Маша и Саша были влюблены в своего умного и доброго учителя. Они приходили в новый дом Жуковского, который уже отделывали изнутри. Поднимались во второй этаж — в кабинет, еще не обставленный, но светлый, пахнущий свежим деревом, и робкая Маша тут оживала, обо всем расспрашивала. Ей нравилось смотреть из окна за Оку, ее большие грустные глаза освещались тихой радостью. Нет, она не была красивой, но редко можно было встретить такое милое лицо. Жуковский стал замечать, что он все более любит ее. «Это чувство родилось вдруг, — писал он в дневнике, — от чего — не знаю; но желаю, чтобы оно сохранилось. Я им наполнен, оно заставляет меня мечтать, воображать будущее с некоторым волнением».
62
Шатобриан Франсуа-Рене де (1768–1848) — один из зачинате лей французского романтизма.
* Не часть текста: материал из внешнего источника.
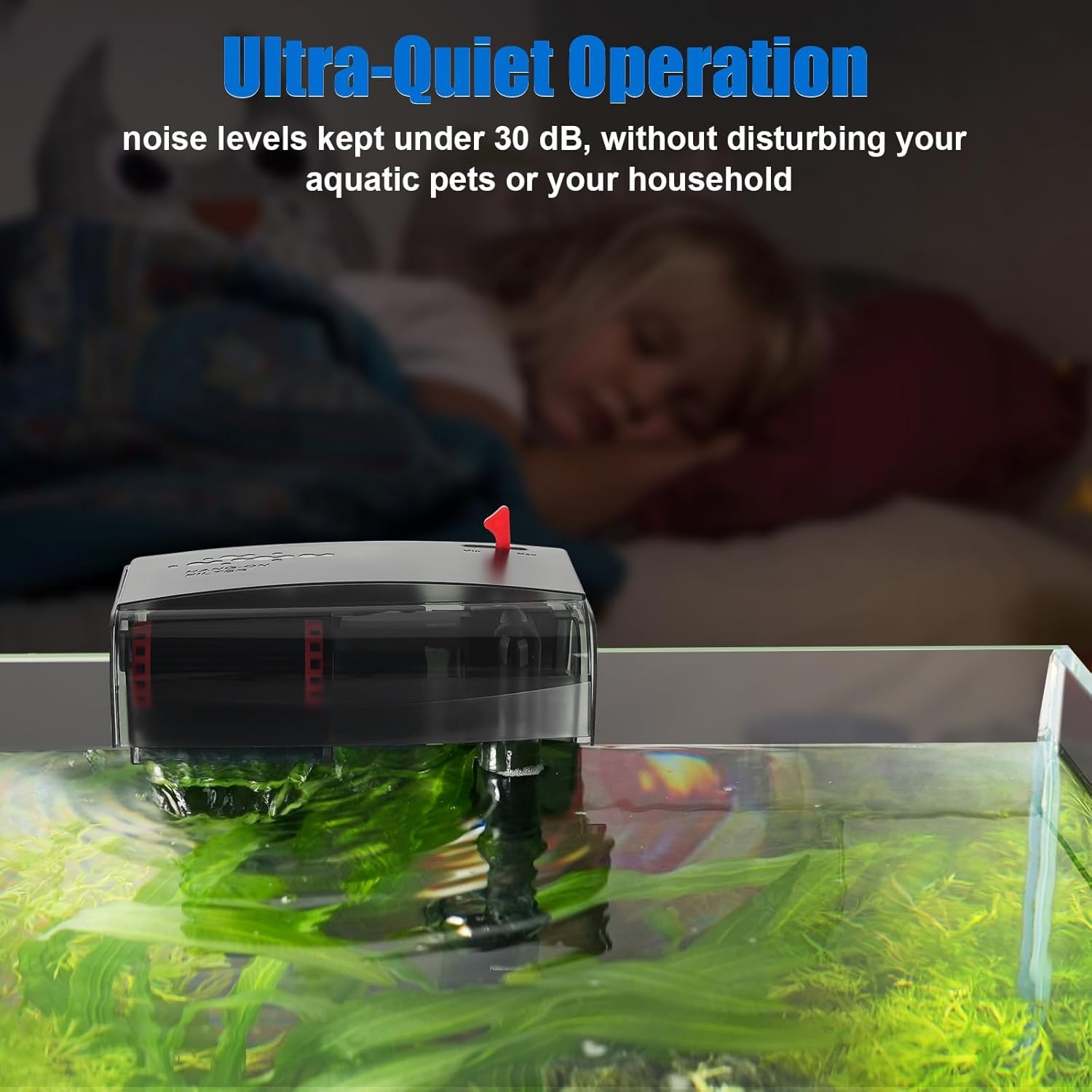 AQQA Aquarium Filter 10-30 Gallon Fish Tank Filters with Bio-Wheel Power, Hang on Back Aquarium Filter, Adjustable Flow Hob Filt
В России вышли его повести (в переводе на русский язык) «Атала, или Любовь двух диких» (М., 1801 I и «Рене, или Действие страстей» (М., 1802), события которых развиваются в девственных лесах Америки, на берегах Миссисипи.
65
«Жуковский был очень талантливым художником, обладавшим тонким чувством природы. Что касается степени одаренности в области рисунка, его можно сравнить среди писателей только с Гете» (из статьи М. Я. Либман в книге «Античность. Средние века. Новое время». М., «Наука». 1977 г., с. 219). В архивах и музеях СССР хранится более 1500 рисунков В. А. Жуковского, а также его гравюры на меди и картины маслом.